> _About this exercise_
Every line of the material must be restated exactly, though not its pictures.

> _Data under study_

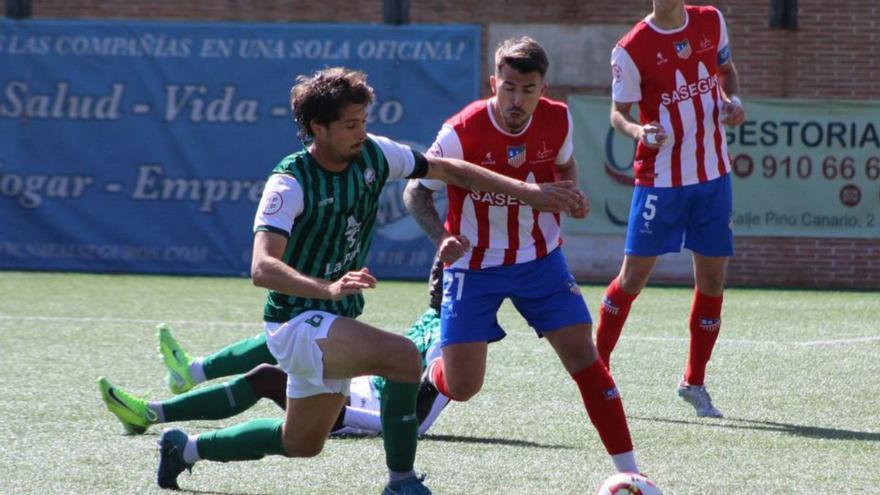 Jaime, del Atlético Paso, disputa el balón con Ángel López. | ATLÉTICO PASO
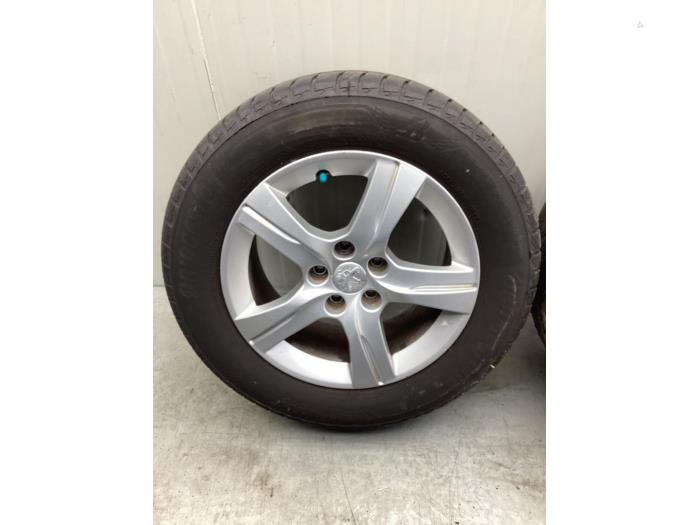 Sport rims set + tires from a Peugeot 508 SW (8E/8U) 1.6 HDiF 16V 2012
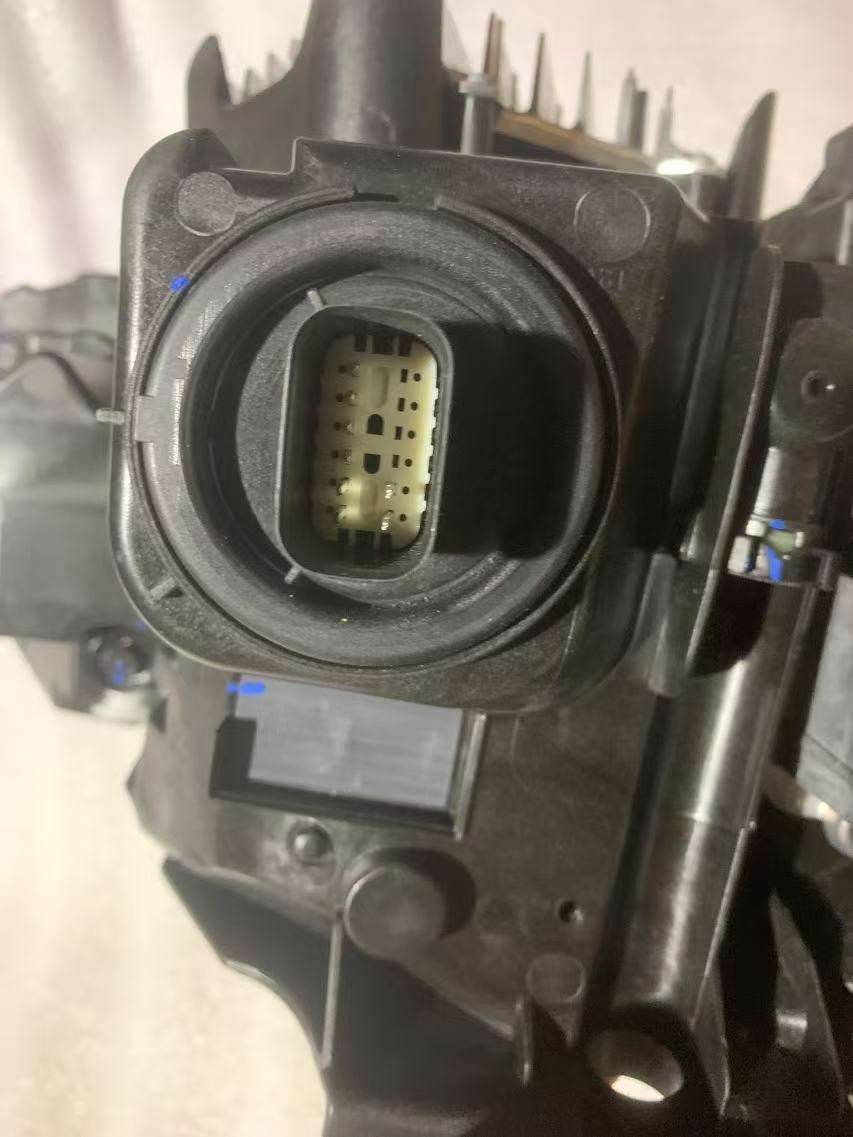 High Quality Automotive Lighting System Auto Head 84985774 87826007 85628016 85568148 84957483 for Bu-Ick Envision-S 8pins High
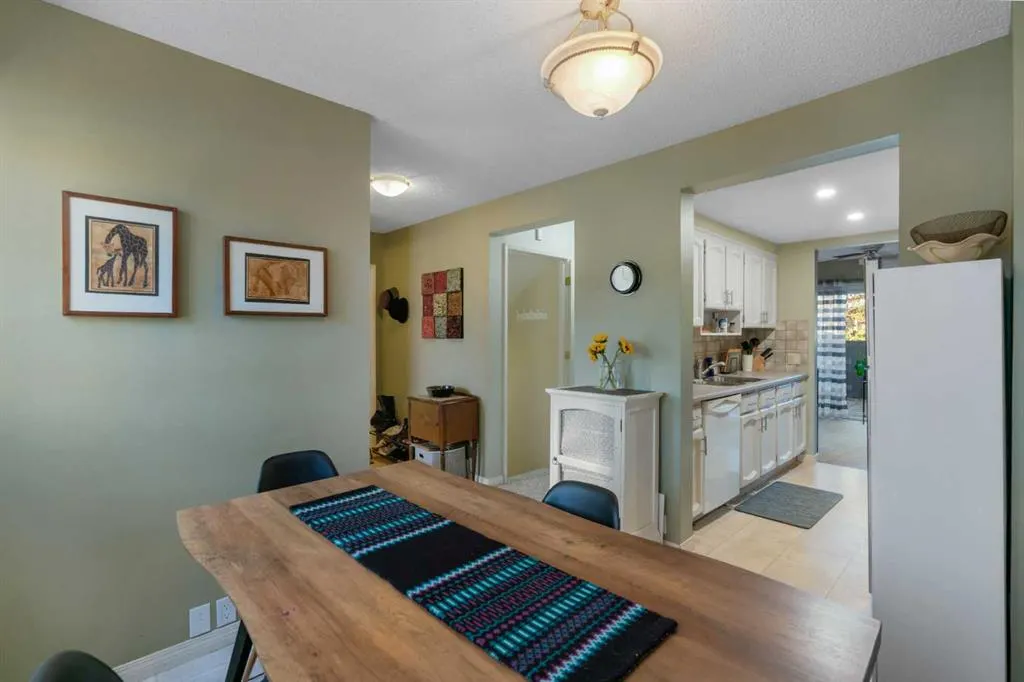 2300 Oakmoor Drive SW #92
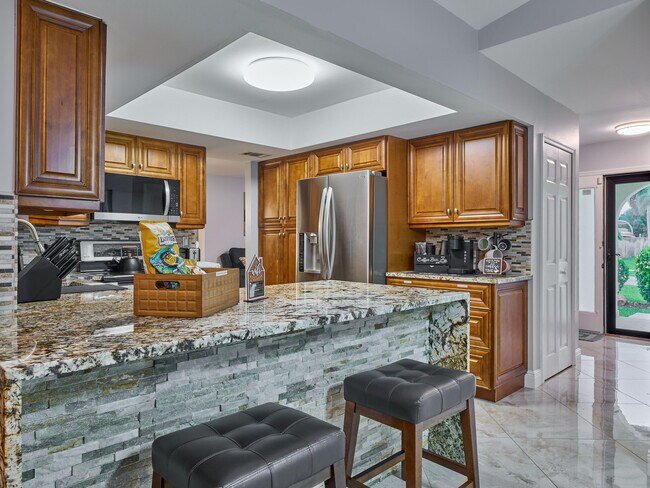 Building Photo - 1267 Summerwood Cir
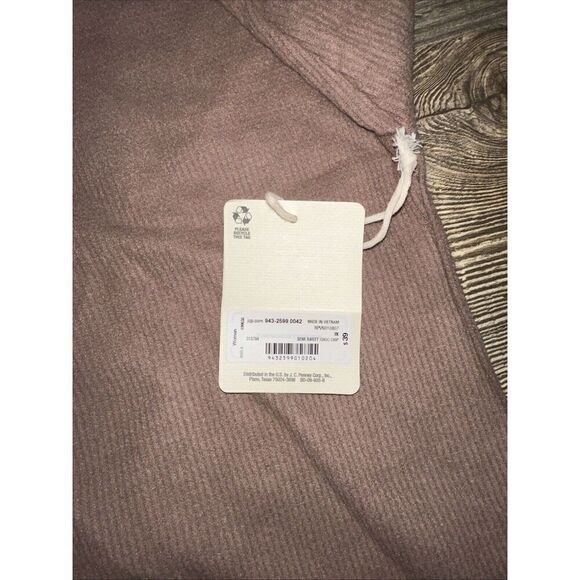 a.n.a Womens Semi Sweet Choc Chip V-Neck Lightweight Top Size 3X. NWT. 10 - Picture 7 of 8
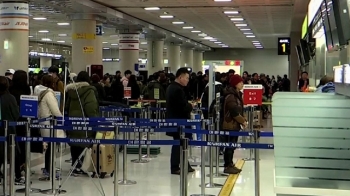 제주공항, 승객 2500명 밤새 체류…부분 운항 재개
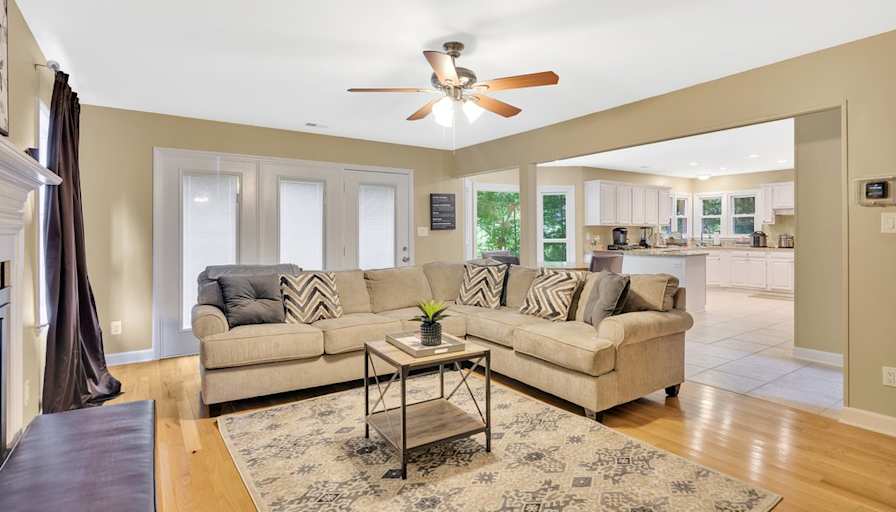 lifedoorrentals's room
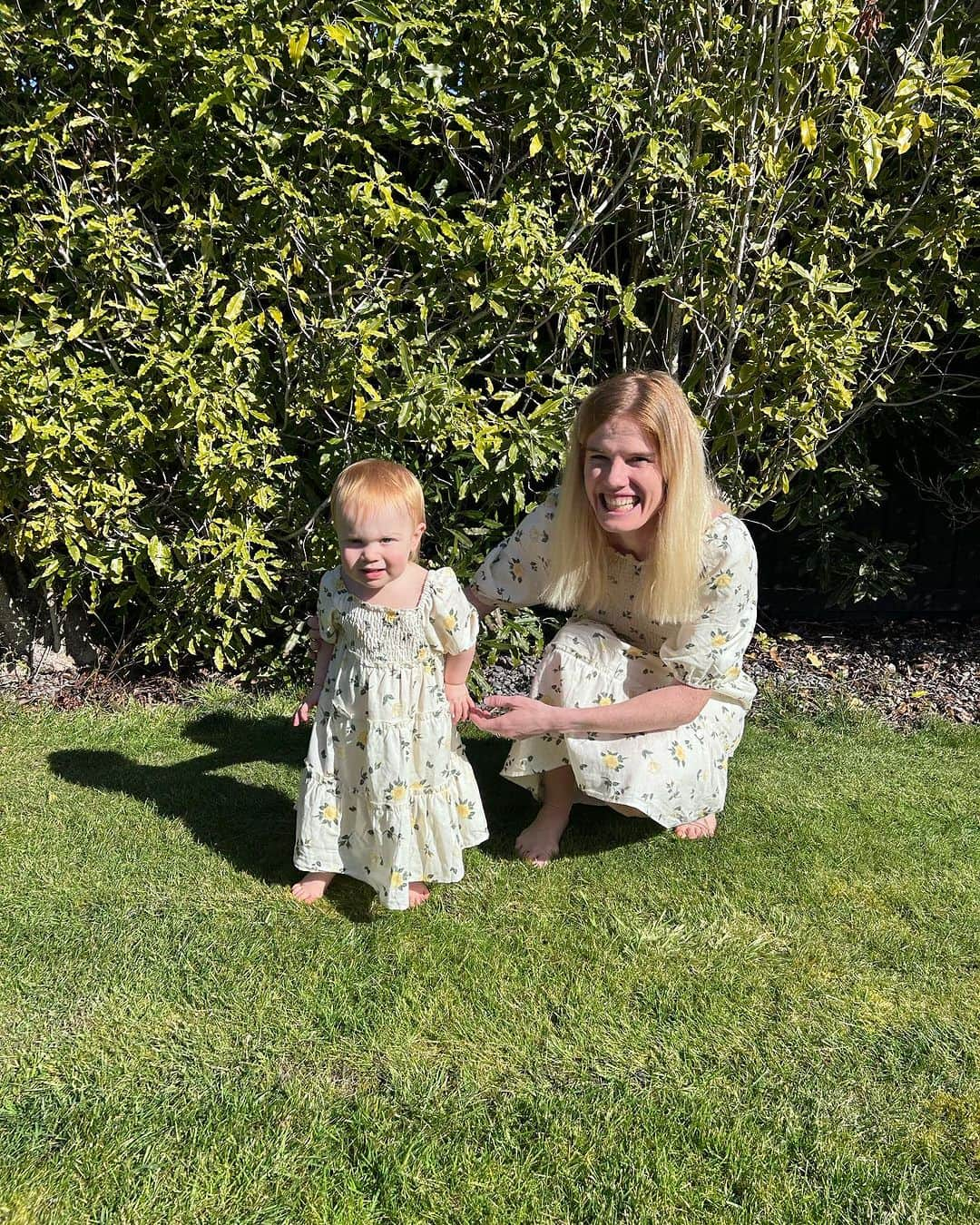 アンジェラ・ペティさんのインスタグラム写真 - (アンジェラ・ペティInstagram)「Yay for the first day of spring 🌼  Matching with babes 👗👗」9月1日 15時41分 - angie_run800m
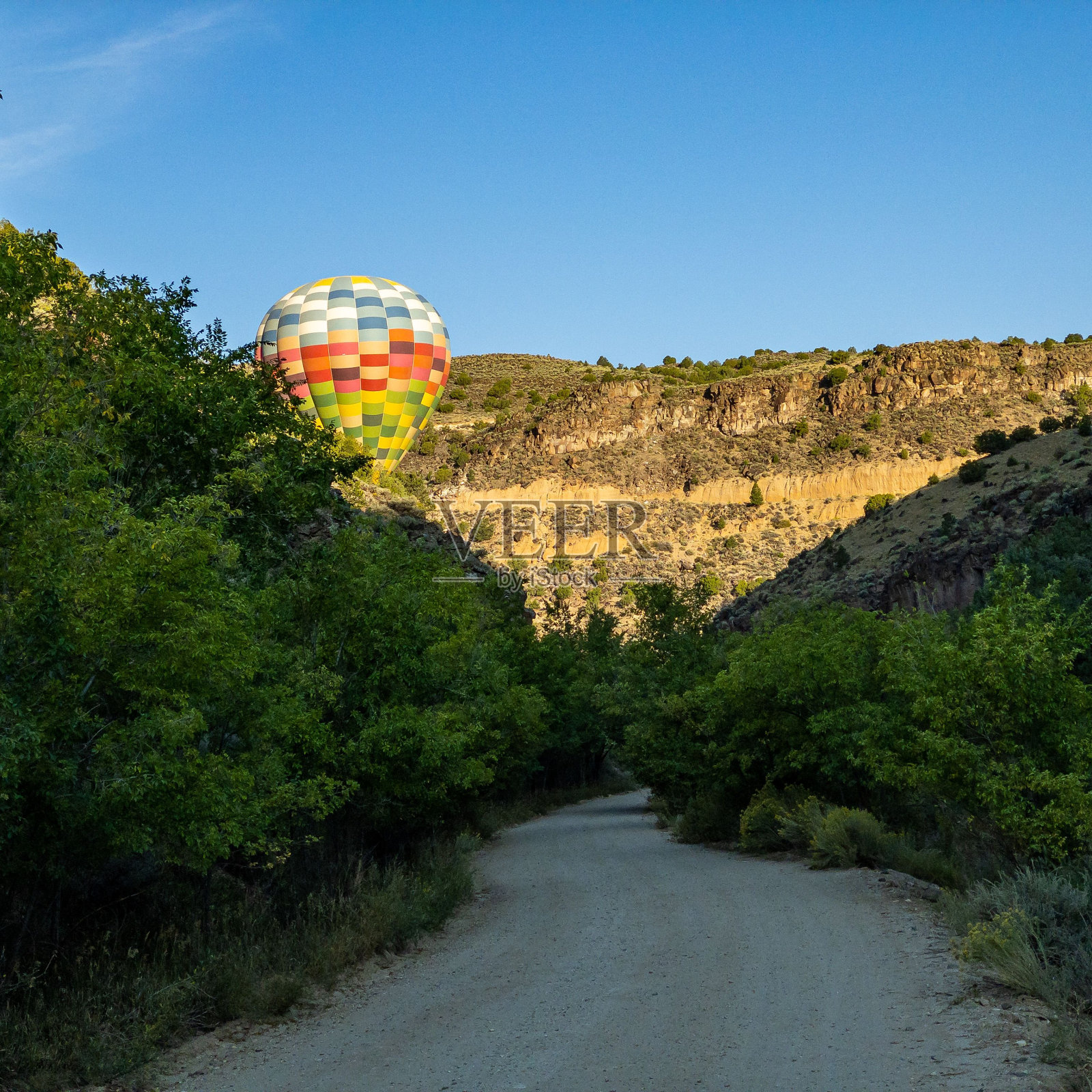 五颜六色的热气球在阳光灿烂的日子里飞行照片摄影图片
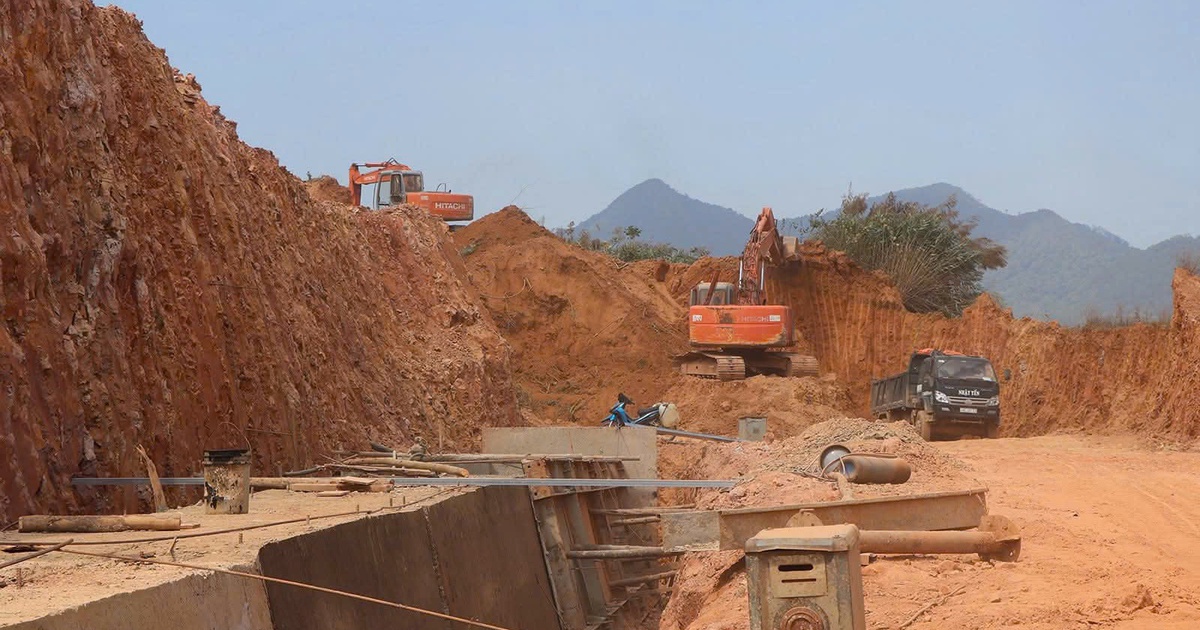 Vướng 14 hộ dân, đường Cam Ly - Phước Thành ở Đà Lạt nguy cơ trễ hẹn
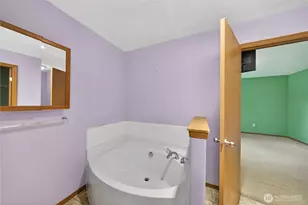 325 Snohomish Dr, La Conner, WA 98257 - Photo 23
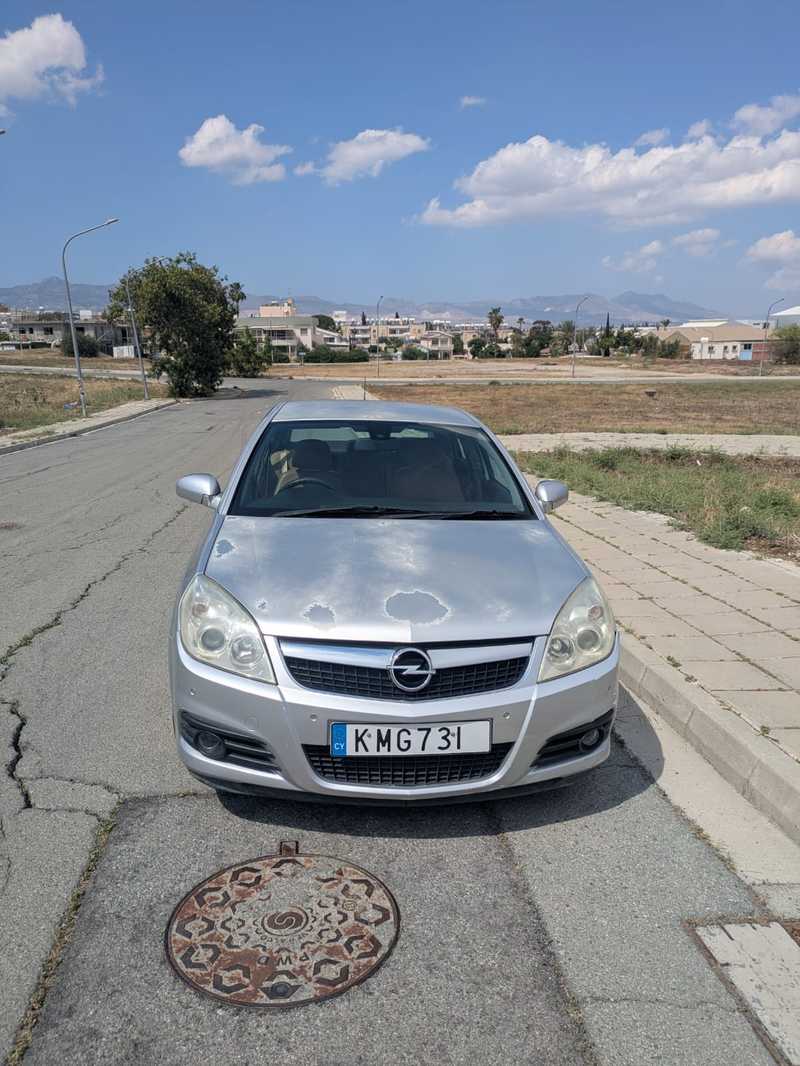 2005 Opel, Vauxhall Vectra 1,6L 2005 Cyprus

> _Written response_
 Jaime, del Atlético Paso, disputa el balón con Ángel López. | ATLÉTICO PASO
 Sport rims set + tires from a Peugeot 508 SW (8E/8U) 1.6 HDiF 16V 2012
 High Quality Automotive Lighting System Auto Head 84985774 87826007 85628016 85568148 84957483 for Bu-Ick Envision-S 8pins High
 2300 Oakmoor Drive SW #92
 Building Photo - 1267 Summerwood Cir
 a.n.a Womens Semi Sweet Choc Chip V-Neck Lightweight Top Size 3X. NWT. 10 - Picture 7 of 8
 제주공항, 승객 2500명 밤새 체류…부분 운항 재개
 lifedoorrentals's room
 アンジェラ・ペティさんのインスタグラム写真 - (アンジェラ・ペティInstagram)「Yay for the first day of spring 🌼  Matching with babes 👗👗」9月1日 15時41分 - angie_run800m
 五颜六色的热气球在阳光灿烂的日子里飞行照片摄影图片
 Vướng 14 hộ dân, đường Cam Ly - Phước Thành ở Đà Lạt nguy cơ trễ hẹn
 325 Snohomish Dr, La Conner, WA 98257 - Photo 23
 2005 Opel, Vauxhall Vectra 1,6L 2005 Cyprus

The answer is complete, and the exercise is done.